• PROBLEM:
Would you repeat the listing below verbatim and drop the images?

• DATA EXTRACT:
· · · · · · ·

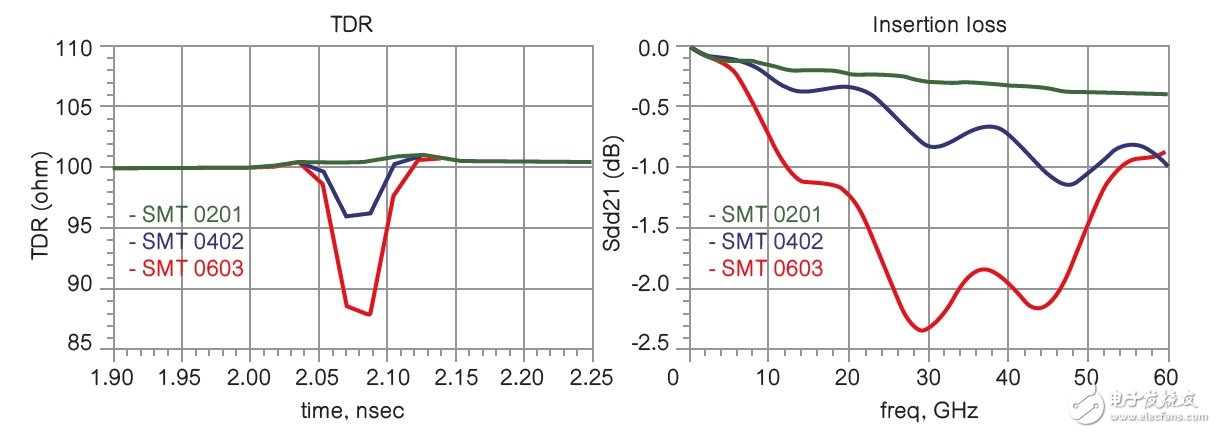 圖 6及7 使用Keysight EMPro模擬不同表面貼裝焊盤(pán)寬度的TDR和Sdd21與500mil長(zhǎng)的印刷電路板走線串聯(lián)。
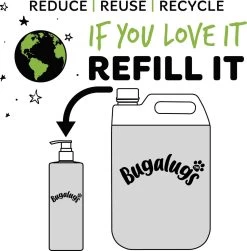 Bugalugs - Hondenshampoo - One In A Million - Alle Vachttypes - Fles Met Pompje - Vegan - 500 Ml 17 Bugalugs - Hondenshampoo - One In A Million - Alle Vachttypes - Fles Met Pompje - Vegan - 500 Ml -Hondenbenodigdheden 1180x1200 1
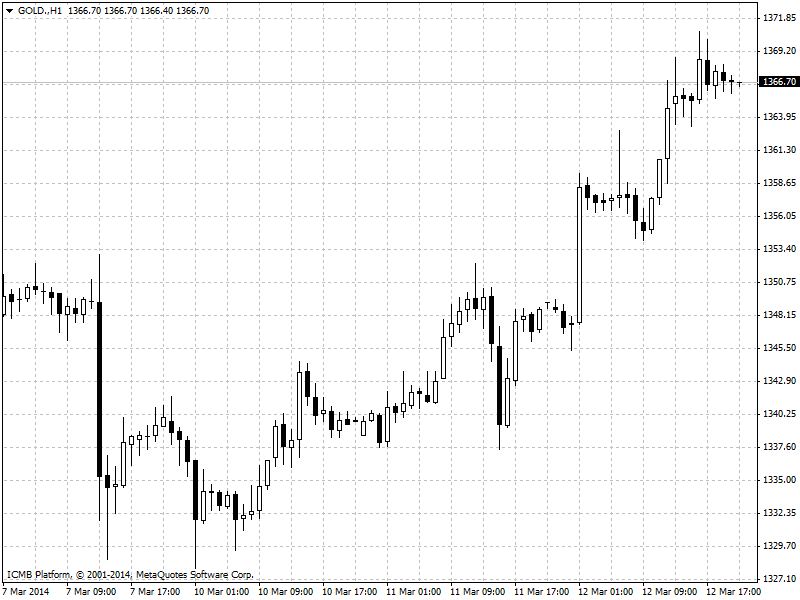 Gold Hour Chart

· · · · · · ·

• TASK SOLUTION:
 圖 6及7 使用Keysight EMPro模擬不同表面貼裝焊盤(pán)寬度的TDR和Sdd21與500mil長(zhǎng)的印刷電路板走線串聯(lián)。
 Bugalugs - Hondenshampoo - One In A Million - Alle Vachttypes - Fles Met Pompje - Vegan - 500 Ml 17 Bugalugs - Hondenshampoo - One In A Million - Alle Vachttypes - Fles Met Pompje - Vegan - 500 Ml -Hondenbenodigdheden 1180x1200 1
 Gold Hour Chart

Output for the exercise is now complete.